Member of Parliament for Kingston upon Hull East
- In office 4 July 1892 – 13 July 1895
- Preceded by: Frederick Brent Grotrian
- Succeeded by: Thomas Firbank

Personal details
- Born: 1849
- Died: 10 June 1941 (aged 91–92)
- Party: Liberal

= Clarence Smith (politician) =

English politician

Clarence Smith (16 June 1849 – 10 June 1941) was a British Liberal politician who served as Member of Parliament for Kingston upon Hull East in the 25th Parliament between 1892 and 1895.

He was born in Wakefield, Yorkshire, the son of Gervase Smith (1821–1882), Wesleyan Methodist minister (and president of the W.M. Conference in 1875). He attended Woodhouse Grove School from 1862 to 1864.
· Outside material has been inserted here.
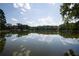 A scenic lake view with mirror-like water reflecting the blue sky and trees surrounding it at 1800 Jordan Brook Dr, Lawrenceville, GA 30043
He was elected a member of the London Stock Exchange in 1874. In 1875 he married Mary, daughter of William Thomas Webster (1814–1899) of Highbury Hill, at the Highbury Wesleyan Chapel.

Smith unsuccessfully contested the West Division of Cambridgeshire in the 1886 general election. He was first elected to the House of Commons at the 1892 general election. He unsuccessfully contested North Bristol at the 1900 general election.

He was knighted in the 1895 Resignation Honours.

The 1912 Stock Exchange Yearbook recorded him as chairman of the Star Life Assurance Society.